Mini-Rant: Based "on" vs. "off of"

So you want to effect a change in the way those words are used?

Odd, since “off of” consumes four more characters of a 140 or 280 character message.

^^This confusion could effect a sad affect in us posters.

You could address it to The Smith’s House if you are dying to use the apostrophe.

My rant: Loose and lose are different words. Moot and mute are different words.

And as a non-native New Yorker I will never get used to standing on lines instead of in lines.

As a child of New Yorkers, in line and on line both sound fine to me.

I think I would say “I am going to get in line” but “I’m on line right now”.

“On line” is British, no?

These threads about words, grammar and punctuation, etc, make me self conscious.
I’d say, I’m in line for tickets. “On the line” if I’m “on” the phone.

For a U writing job, I had a boss who had an expert level knowledge of all the style manuals. Quite intimidating.

I decided after that I’d do my best and not fall apart about casual writing or conversation, when it could be a slip, a typo, etc.

British people queue.

I’m convinced my fingers are completely detached from my brain. I will often see I’ve typed “their” when I know it should be “there” or “its” when it should be “it’s,” and I’m probably guilty of every other example mentioned on this thread.

If I was writing a paper for submission or a work product (if I worked,) I would edit and edit some more, but I’m not. I’m posting on a message board or writing emails/texts to friends.

I’m with you their (there, lol) @emilybee I know how to use those words but I type them incorrectly almost every time I use them. I also have started to add an apostrophe at the end of any word that ends with s, for example, I’ll type: “I hope he start’s working on that…”.

My pet peeves are just trendy words and phrases that for some reason become popular and overused:

pushback
on so many levels
ramp up
conflate
construct - as in - “that is a social construct”
agency - as in - “a person should have agency to do …”
super - “that is a super easy way to …” Yuck - that sounds like a 7th grader.

The use of “so many” in the nightly news could spawn one of those drinking games. I don’t understand how it arose, but it is very popular among national anchors who want to express that something is prevalent without having to be specific.

I also hate “try and”, rather than “attempt to” or “try to”, but apparently not everyone is as offended by that one.

I agree wholeheartedly with less vs fewer. Less water, but fewer gallons of water.

I find it grating when people choose the simple past form of an irregular verb when the past participle is called for. “I should have went.” We could have ate earlier." Yikes.

A few more that got to me today…
Shoe-in instead of shoo-in. Shoe-in conjures images of creative usage of footwear.
Weary for wary.
Leary for leery.
Ok - that made me feel better. Until the next time I catch up on reading my fb feed.

I really hate the term “elevate” as in I’m going to elevate an issue.

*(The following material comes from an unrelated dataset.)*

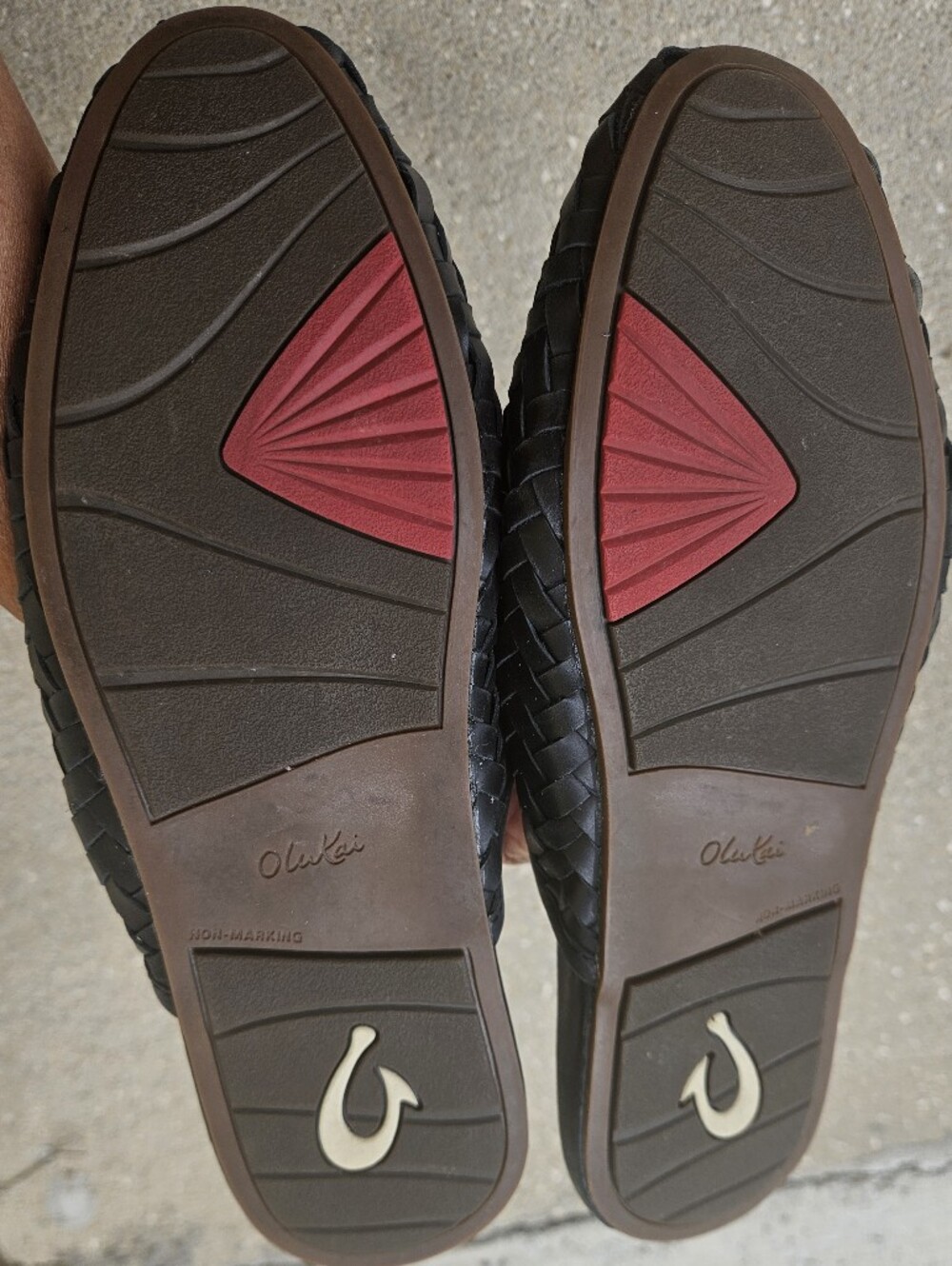 NWOT! Olukai Polynesian Mi'i Onyx Black Slip On Women Woven Soft Leather Mules - Picture 3 of 4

I am the queen of mistyping words I know. I wince looking back at its/it’s and they’re/there/their flubs because I hate it when other people do that. I once typed “flower” in a bread recipe. I’m also always leaving off final s’s and d’s in my posts. They make me look like English is not my native language.

YES!!! I hate the base off of thing. Almost as much as less/fewer and the ever popular “literally” when you actually mean “really” or “very”. and historic/historical/historically . I yell at the TV.

I told my husband once it’s like watching someone use a shoe to hammer a nail (which I have done, so I claim no perfection).

It’s dying a slow death, but not quick enough for me - “my bad”. It tends to be used when someone makes a mistake and doesn’t care and thinks saying my bad justifies it.

Loose/lose runs rampant on my weight loss boards!

Although ‘snuck’ has sneaked its way into our lexicon and is now considered acceptable, I still can’t use it. It just sounds wrong to me.

Oh, and nucular drives me a little crazy, too.

Same here. Also lie-berry.

My biggest pet peeve is when I hear “Democrat” Party. No, no, no - it’s Democratic Party. There is a reason this came to be, too, which really burns me up.

I once saw a map labeling the large country in the southern part of North America as “Republic of Mexico”, even though its actual name translates to English as “United Mexican States”.